To Compiler and Debugger Writers
Monday, 7. July 2008, 22:20:39
Ok, so if you're on a Windows XP box and you're developing something like a compiler or debugger, you're gonna need some tools, right? Tools like an API for loading and unloading modules. Tools that let you inspect symbols and line information stored in the debug section of your object and exe files. Tools that let you query what module, what source file, what line number a certain function that caused a breakpoint or bad memory allocation occurred. Tools that let you walk the stack and display a stack trace. These are things that compiler and debugger writers need to deal with. Even people who just want self inspecting code will need this stuff.
So I'm going along doing all of this. And as a good little boy, I didn't make my own tools though I nearly ended up doing so trying to work around the problems I was getting.
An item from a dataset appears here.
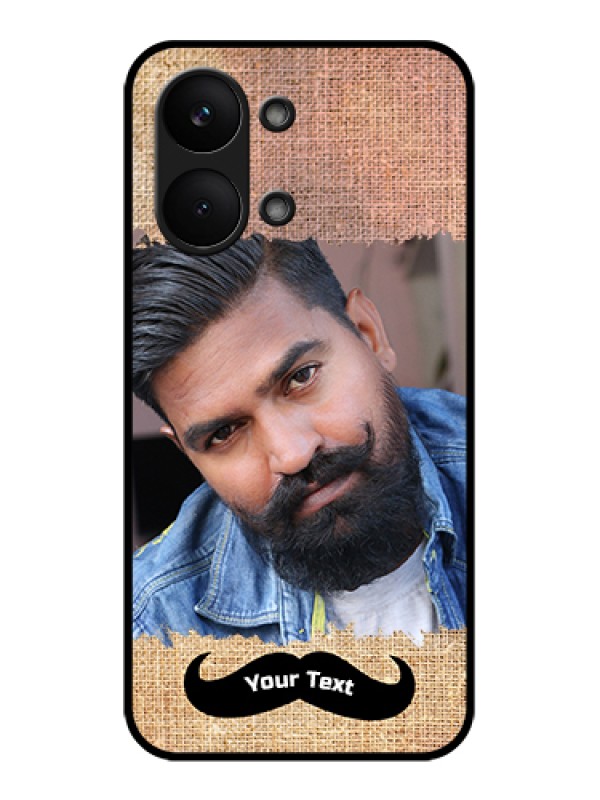 Custom Poco X8 Pro Max 5G Custom Glass Phone Case - With Texture Design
I'm using the Borland C++ Builder compiler because it has properties and closures and I don't feel like writing extra code to enable a feature I've been using for ages. So BCB it was. Only problem is that it uses a different name mangling scheme to MS. Not only that, but Borland doesn't output CodeView debug format that Windows debugging API wants. So I wrote some code that converts Borland debug format to CodeView format. I got some of this code online, but it worked badly and didn't work for the newer versions of Borland. I also output line numbers which wasn't available in the original online code.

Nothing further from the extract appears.